*LISTED ENTRIES*:
────────────────────────────────────────

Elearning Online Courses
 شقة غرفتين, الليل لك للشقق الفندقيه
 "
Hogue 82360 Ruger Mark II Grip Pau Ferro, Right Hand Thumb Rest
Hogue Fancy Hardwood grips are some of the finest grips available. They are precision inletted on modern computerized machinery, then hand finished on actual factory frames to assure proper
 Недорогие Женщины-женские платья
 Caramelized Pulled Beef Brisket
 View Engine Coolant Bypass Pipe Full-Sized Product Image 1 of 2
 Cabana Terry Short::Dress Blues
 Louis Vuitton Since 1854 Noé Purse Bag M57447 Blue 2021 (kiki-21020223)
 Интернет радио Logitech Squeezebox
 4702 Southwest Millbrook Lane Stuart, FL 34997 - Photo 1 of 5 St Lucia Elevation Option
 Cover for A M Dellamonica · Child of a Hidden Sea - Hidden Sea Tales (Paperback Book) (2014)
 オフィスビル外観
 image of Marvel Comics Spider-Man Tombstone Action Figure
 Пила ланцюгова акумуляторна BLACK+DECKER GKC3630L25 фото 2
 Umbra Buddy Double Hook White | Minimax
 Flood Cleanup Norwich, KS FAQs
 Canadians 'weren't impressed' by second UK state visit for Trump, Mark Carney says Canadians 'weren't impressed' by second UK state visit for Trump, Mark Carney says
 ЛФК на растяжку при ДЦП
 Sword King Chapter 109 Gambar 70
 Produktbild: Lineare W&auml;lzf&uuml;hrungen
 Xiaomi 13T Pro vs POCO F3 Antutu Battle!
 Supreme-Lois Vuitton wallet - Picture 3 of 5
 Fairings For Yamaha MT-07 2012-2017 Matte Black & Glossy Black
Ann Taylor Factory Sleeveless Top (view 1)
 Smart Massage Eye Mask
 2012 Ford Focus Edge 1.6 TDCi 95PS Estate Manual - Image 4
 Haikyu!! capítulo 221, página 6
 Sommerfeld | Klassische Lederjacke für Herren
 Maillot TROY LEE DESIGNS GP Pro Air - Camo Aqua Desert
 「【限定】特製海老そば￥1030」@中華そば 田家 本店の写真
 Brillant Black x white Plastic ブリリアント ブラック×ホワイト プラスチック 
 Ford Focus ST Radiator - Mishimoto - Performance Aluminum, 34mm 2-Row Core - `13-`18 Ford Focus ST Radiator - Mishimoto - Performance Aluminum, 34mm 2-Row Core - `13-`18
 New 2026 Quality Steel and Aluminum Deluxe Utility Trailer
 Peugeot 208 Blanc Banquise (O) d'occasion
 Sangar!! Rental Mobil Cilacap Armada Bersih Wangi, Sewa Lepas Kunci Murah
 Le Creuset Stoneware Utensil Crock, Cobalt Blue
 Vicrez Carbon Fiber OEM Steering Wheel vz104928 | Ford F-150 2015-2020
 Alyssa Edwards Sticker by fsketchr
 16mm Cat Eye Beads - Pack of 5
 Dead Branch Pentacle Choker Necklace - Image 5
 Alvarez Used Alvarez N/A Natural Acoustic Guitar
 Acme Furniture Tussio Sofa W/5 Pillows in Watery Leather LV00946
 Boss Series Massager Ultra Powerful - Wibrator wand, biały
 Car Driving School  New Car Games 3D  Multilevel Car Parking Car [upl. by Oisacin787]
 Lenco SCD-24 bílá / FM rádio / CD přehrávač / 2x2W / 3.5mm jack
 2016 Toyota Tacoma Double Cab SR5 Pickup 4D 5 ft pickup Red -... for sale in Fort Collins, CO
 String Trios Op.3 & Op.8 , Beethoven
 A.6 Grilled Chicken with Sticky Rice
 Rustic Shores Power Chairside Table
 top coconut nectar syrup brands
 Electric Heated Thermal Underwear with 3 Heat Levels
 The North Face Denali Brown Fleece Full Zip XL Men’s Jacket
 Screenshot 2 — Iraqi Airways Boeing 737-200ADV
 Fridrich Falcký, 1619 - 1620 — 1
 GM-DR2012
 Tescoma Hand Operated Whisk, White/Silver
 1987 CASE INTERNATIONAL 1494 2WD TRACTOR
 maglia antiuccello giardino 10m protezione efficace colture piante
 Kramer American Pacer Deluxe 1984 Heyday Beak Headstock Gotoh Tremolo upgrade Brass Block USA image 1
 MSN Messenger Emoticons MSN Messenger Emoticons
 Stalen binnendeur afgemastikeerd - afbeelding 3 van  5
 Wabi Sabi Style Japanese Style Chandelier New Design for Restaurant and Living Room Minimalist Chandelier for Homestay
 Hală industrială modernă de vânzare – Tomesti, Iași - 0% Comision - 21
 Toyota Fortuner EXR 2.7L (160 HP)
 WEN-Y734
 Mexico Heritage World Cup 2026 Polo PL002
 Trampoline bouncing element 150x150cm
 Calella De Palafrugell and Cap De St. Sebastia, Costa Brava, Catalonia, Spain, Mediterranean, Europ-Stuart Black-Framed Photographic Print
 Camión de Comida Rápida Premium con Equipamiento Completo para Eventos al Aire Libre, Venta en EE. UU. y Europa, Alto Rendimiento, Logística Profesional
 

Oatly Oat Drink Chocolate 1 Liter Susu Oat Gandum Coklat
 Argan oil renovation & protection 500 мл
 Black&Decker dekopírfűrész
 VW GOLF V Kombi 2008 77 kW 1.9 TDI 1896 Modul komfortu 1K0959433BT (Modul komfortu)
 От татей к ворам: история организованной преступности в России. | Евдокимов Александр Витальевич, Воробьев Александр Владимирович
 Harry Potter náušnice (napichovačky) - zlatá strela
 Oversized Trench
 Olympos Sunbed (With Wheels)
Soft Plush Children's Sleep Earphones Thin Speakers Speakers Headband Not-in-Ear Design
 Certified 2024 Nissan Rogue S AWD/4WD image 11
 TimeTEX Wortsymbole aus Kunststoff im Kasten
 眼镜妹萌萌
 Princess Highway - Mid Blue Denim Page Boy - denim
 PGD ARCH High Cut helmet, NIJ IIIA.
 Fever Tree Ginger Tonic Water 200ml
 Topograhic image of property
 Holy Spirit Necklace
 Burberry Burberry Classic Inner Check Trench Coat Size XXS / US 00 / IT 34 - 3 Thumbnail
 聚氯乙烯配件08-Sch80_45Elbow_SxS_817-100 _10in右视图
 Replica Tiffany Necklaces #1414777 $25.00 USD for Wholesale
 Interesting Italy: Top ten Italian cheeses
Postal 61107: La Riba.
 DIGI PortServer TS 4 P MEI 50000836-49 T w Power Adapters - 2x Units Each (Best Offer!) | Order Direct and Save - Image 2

────────────────────────────────────────

*ACTIVITY*: What lines above contain "Deluxe"? Copy them out.

*YOUR RESPONSE*:
 New 2026 Quality Steel and Aluminum Deluxe Utility Trailer
 Kramer American Pacer Deluxe 1984 Heyday Beak Headstock Gotoh Tremolo upgrade Brass Block USA image 1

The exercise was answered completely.